● **RECORDS FOR THIS TASK**:

----------

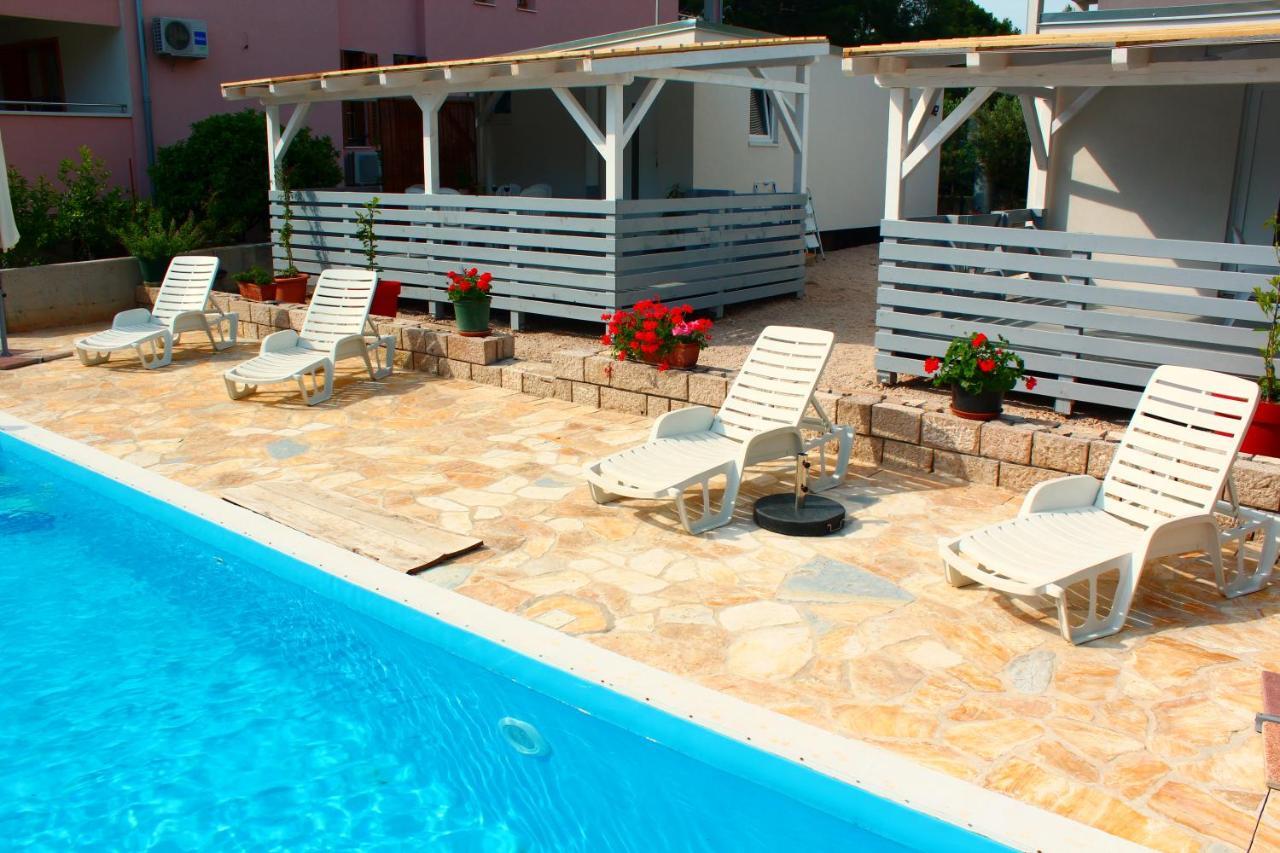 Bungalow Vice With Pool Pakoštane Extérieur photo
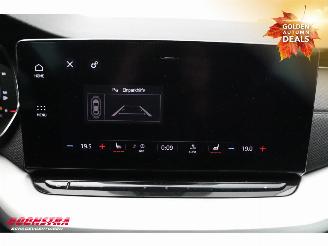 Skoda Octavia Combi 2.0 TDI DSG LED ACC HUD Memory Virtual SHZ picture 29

----------

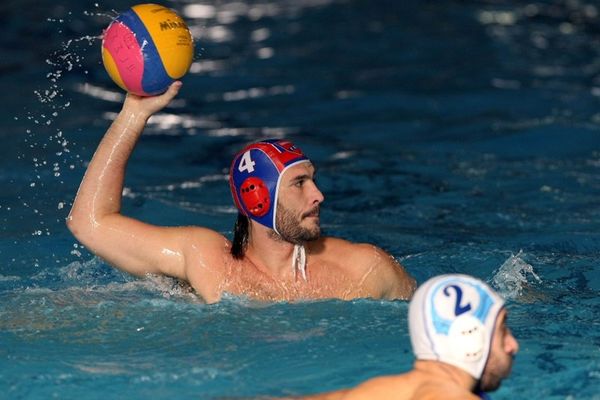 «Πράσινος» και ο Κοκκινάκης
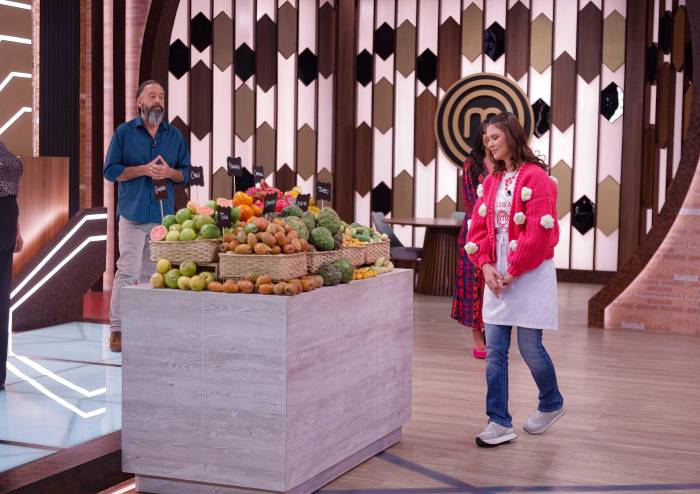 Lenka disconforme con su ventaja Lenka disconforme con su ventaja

----------

● **TASK OBJECTIVE**: Precisely those lines above that run from the line with "Bungalow Vice With" up to and including the line with "Skoda Octavia Combi" are to be set down, with the pictures omitted.

● **SOLUTION TO THE PROBLEM**:
 Bungalow Vice With Pool Pakoštane Extérieur photo
 Skoda Octavia Combi 2.0 TDI DSG LED ACC HUD Memory Virtual SHZ picture 29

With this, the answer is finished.